Erik revint avec de petits flacons qu'il déposa sur la cheminée. Et tout bas encore, pour ne pas éveiller M. de Chagny, il dit au Persan, après s'être assis à son chevet et lui avoir tâté le pouls:
—Maintenant, vous êtes sauvés tous les deux. Et je vais tantôt vous reconduire sur le dessus de la terre, pour faire plaisir à ma femme.
Sur quoi il se leva, sans autre explication, et disparut encore.
Le Persan regardait maintenant le profil tranquille de Christine Daaé sous la lampe. Elle lisait dans un tout petit livre à tranche dorée comme on en voit aux livres religieux. L'Imitation a de ces éditions-là. Et le Persan avait encore dans l'oreille le ton naturel avec lequel l'autre avait dit: «Pour faire plaisir à ma femme...»

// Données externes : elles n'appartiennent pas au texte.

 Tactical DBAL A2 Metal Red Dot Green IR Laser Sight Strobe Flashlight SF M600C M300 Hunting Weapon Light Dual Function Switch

Tout doucement, le daroga appela encore, mais Christine devait lire très loin, car elle n'entendit pas...
Erik revint... fit boire au daroga une potion, après lui avoir recommandé de ne plus adresser une parole à «sa femme» ni à personne, parce que cela pouvait être très dangereux pour la santé de tout le monde.

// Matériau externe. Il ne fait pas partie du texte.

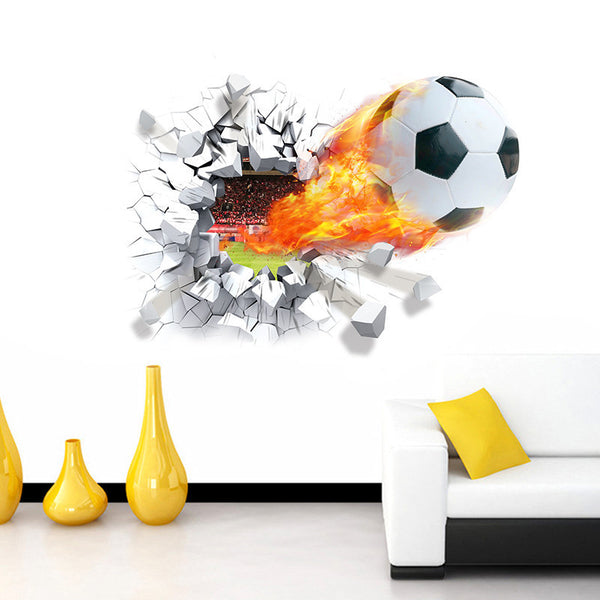 3D Soccer Ball Through The Wall Decal - Limited Time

À partir de ce moment, le Persan se souvient encore de l'ombre noire d'Erik et de la silhouette blanche de Christine qui glissaient toujours en silence à travers la chambre, se penchaient au-dessus de lui et au-dessus de M. de Chagny. Le Persan était encore très faible et le moindre bruit, la porte de l'armoire à glace qui s'ouvrait en grinçant, par exemple, lui faisait mal à la tête... et puis il s'endormit comme M. de Chagny.

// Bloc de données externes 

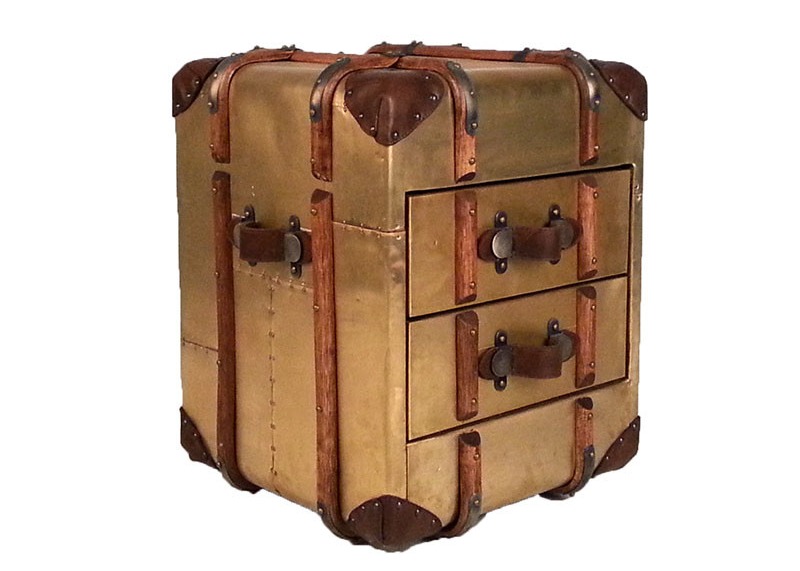 Two Layers 61cm Square Retro Storage Trunk With Rattan and Hardwood Frame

Cette fois, il ne devait plus se réveiller que chez lui, soigné par son fidèle Darius, qui lui apprit qu'on l'avait, la nuit précédente, trouvé contre la porte de son appartement, où il avait dû être transporté par un inconnu, lequel avait eu soin de sonner avant de s'éloigner.
Aussitôt que le daroga eut recouvré ses forces et sa responsabilité, il envoya demander des nouvelles du vicomte au domicile du comte Philippe.